Lead Plaster is largely used for mechanical and supporting purposes, but none of the other pharmacopceial plasters save those of Cantharis and possibly Belladonna are frequently employed.

An antiseptic in the form of boracic acid 5%, salicylic acid 1/4%, or benzoic acid 1%, is frequently added to dusting powders consisting of talc, starch, or zinc oxide, or to ointments containing some such inert protective powder, (e.g. Unguentum Zinci Oxidi).

In many cases a purely superficial effect on the skin is desired. Antiseptics must often be applied to the skin in order to kill pediculi or disease germs which are lying upon it. For this purpose phenol in 1/2 - 2% watery solution, mercuric chloride 1-500-2000, boracic acid in a saturated solution, are amongst the common drugs used. If the skin be abraded, very much weaker solutions of phenol or mercury must be applied, otherwise sufficient antiseptic would be absorbed to produce a remote effect, or they may be replaced by less readily absorbed antiseptics such as iodoform, ichthyol, thymol, or resorsin. In any such case, one of the above drugs may be applied in the form of an ointment whose base is not readily absorbed by the skin. A very considerable insight into the character of preparations intended for external use may be gained by the examination of the examples of liniments and ointments and of the preparations of mercury. If the constituents and bases of the following preparations of mercury are examined it may be seen that the Emplastrum Hydrargyri, Emplastrum Ammoniaci cum Hydrargyro, Unguentum Hydrargyri Oxidi Flavi, Unguentum Hydrargyri Oxidi Rubri, Unguentum Hydrargyri Ammoniati, and the Lotio Hydrargyri Flava vel Nigra would be relatively slowly absorbed; the Unguentum Hydrargyri Compositum, Unguentum Hydrargyri Iodidi Rubri, Unguentum Hydrargyri Oleatis, Unguentum Hydrargyri Subchloridi, more readily; while the Unguentum Hydrargyri Nitratis and Linimentum Hydrargyri will be still more readily taken up.
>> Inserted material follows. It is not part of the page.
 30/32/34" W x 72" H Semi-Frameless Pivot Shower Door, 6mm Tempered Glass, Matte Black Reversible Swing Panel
The first group of these would therefore be more generally used for purely external and local purposes where they would act as antiseptics. The last group might readily be used for remote and specific effects.
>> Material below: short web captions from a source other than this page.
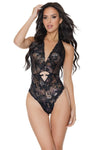 Coquette Metallic Floral Lace & Mesh Crotchless Teddy Bodysuit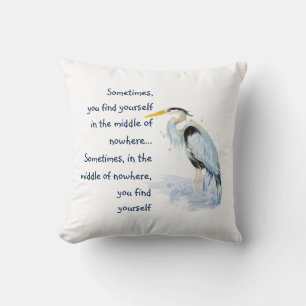 Coussin Aquarelle Great Blue Heron Citation Inspirante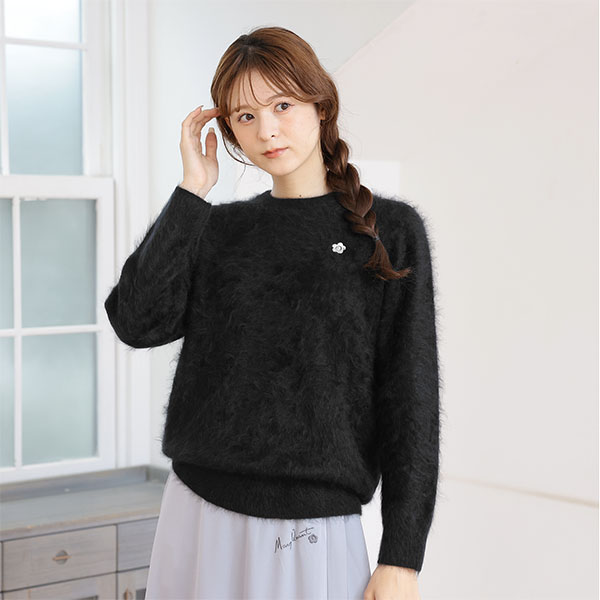 カシミヤシャギーニット プルオーバー(ブラック)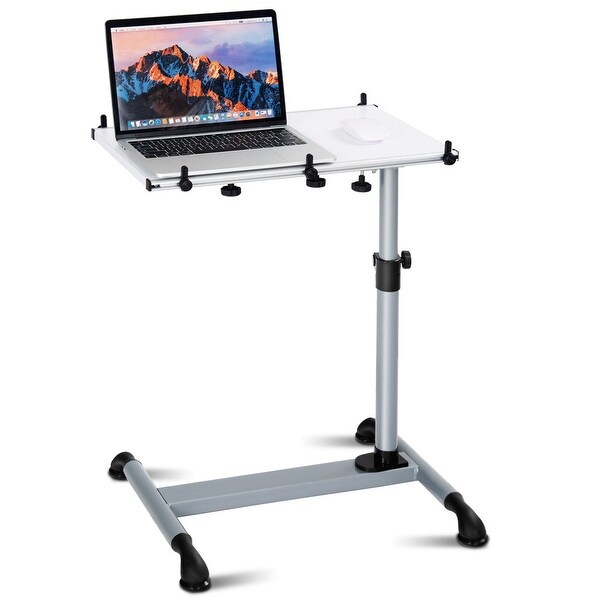 Shop Costway Height Adjustable Mobile Laptop Stand Desk Sofa Side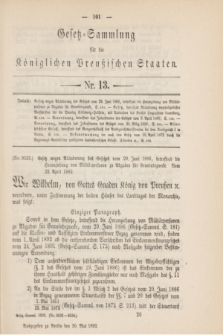 Gesetz-Sammlung für die Königlichen Preußischen Staaten. 1892, Nr. 13 (30 Mai)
From the inlets of the body covered with mucous membranes, drug-stuffs are much more readily absorbed than from the skin. Drugs applied to them can readily be made to exert a remote action.
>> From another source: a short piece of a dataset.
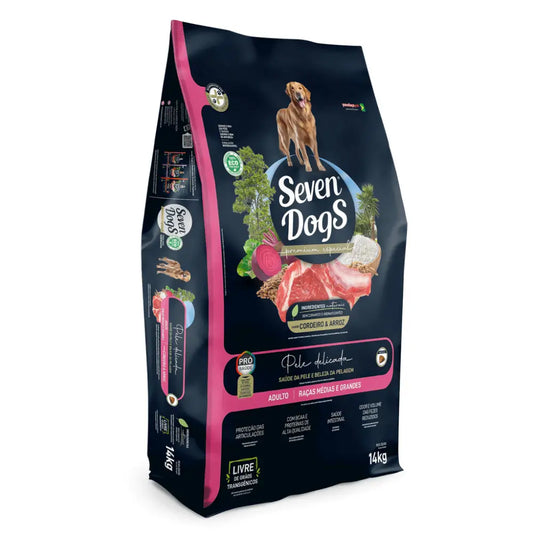 Seven dogs dog food for adult medium & large breeds – lamb rice 14kg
For application to the rectum. Enemata are sometimes used to produce remote action. This method is only resorted to when the drugs to be given are either too unpalatable to be taken per as or when they would irritate the mouth or stomach of the patient. Drugs given per rectum are usually administered in, roughly, twice the dose in which they would be taken by the mouth. If the drug-stuffs contained in an enema are to absorbed it is necessary that they should not be irritant to the mucous membrane nor should its bulk be so large as to mechanically set up movements. Hence watery or weak alcoholic mixtures 1-2 ounces in bulk are usually used. Medicaments which are very readily absorbed may be given in the form of a suppository. Three of the pharmacopaeial suppositories contain drugs which exert remote actions. These are, Suppositoria Belladonnę, Morphinę, Plumbi.